Aécio havia anunciado no início deste mês que não concorreria a qualquer cargo eletivo em 2026. Na ocasião, disse que pretendia se dedicar à reorganização do PSDB, que sofreu sucessivas derrotas eleitorais nos últimos anos.
O ex-deputado alegou haver duas razões principais para a candidatura. A primeira, segundo ele, é a situação fiscal de MG, especialmente a dívida com a União, motivo pelo qual prometeu, se eleito, criar uma “bancada dos estados devedores” no Senado, com o objetivo de pressionar o governo federal por “uma negociação mais realista”.
A segunda é mais ambiciosa: um eventual retorno ao Senado, combinado à presidência do PSDB, permitiria “reconstruir uma alternativa de centro” para as eleições de 2030, segundo o dirigente partidário. O tucano ainda criticou o que chamou de “radicalização pueril” e “penosa” da política brasileira.
Deputado federal no sétimo mandato, Aécio Neves já ocupou uma cadeira no Senado entre 2011 e 2019. Em 2014, disputou a Presidência da República pelo PSDB e perdeu para Dilma Rousseff (PT) no segundo turno.

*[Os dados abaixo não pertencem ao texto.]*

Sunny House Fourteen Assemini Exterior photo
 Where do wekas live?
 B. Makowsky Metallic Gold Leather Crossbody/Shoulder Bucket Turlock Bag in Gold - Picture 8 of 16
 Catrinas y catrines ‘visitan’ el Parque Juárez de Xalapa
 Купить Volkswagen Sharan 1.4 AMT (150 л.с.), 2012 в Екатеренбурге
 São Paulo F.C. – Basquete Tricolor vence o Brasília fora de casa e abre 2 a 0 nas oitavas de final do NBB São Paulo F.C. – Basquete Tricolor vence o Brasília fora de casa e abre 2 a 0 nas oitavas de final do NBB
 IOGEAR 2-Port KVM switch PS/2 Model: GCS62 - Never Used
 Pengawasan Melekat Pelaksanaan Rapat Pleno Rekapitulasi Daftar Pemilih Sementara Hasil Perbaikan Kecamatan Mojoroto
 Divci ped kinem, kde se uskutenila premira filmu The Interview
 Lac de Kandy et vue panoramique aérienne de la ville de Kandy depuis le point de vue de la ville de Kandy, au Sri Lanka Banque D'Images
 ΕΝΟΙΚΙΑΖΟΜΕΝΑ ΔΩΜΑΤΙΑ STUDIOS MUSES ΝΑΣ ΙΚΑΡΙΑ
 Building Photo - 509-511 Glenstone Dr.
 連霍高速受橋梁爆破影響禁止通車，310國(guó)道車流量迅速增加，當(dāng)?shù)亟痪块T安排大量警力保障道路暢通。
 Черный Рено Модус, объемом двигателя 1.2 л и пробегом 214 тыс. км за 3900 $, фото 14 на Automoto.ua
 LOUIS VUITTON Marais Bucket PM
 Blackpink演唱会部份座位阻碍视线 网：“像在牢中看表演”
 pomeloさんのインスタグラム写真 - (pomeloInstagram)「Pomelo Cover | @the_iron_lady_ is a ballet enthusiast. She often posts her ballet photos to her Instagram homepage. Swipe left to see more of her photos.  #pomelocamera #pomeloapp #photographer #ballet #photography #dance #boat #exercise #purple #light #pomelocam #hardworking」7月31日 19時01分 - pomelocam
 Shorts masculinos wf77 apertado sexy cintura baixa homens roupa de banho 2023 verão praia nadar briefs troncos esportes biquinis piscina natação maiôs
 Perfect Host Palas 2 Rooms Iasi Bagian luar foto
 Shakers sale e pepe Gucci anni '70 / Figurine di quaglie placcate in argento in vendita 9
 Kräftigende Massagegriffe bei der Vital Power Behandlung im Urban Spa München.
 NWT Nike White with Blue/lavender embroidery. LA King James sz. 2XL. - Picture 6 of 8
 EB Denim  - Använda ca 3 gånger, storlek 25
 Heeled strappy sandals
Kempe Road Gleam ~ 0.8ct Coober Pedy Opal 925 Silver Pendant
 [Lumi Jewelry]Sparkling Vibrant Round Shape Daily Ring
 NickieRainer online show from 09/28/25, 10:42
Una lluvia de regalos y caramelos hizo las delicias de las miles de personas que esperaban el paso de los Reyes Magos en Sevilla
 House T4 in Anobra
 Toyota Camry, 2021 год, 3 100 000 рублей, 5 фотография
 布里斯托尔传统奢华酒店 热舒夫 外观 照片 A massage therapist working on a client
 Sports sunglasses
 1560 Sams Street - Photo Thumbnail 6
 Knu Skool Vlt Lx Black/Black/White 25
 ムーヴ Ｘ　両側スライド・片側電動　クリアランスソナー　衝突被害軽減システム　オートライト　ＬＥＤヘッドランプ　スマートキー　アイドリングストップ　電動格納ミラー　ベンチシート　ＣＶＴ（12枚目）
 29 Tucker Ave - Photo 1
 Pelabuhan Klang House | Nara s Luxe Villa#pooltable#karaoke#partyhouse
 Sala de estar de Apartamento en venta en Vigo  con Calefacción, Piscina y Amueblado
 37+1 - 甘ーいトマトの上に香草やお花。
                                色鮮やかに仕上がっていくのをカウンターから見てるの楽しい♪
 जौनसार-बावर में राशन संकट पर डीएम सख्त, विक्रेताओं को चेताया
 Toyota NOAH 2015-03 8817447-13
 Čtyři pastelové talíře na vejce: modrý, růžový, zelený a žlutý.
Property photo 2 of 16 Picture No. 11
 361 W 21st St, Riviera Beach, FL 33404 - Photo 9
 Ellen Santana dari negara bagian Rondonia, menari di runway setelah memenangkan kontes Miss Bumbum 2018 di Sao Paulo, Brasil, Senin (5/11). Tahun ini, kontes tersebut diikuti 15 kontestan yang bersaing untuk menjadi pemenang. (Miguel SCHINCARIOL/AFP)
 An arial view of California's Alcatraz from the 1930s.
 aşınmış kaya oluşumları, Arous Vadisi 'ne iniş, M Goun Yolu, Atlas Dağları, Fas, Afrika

A participação dele na eleição deste ano foi marcada por idas e vindas. Em maio, o PSDB chegou a convidá-lo a disputar a Presidência da República. Sem sucesso.
A possibilidade de retorno à disputa pelo Senado ganhou força nesta semana após Marcelo Heringer (PDT) retirar sua candidatura. A decisão abriu espaço para Aécio na chapa de Kalil e foi seguida por uma articulação entre dirigentes do PDT e da federação PSDB-Cidadania.
Em nota conjunta, os partidos afirmaram ter recebido manifestações de prefeitos, vereadores, deputados e lideranças de diferentes regiões de Minas para que Aécio reconsiderasse a decisão de não disputar a eleição.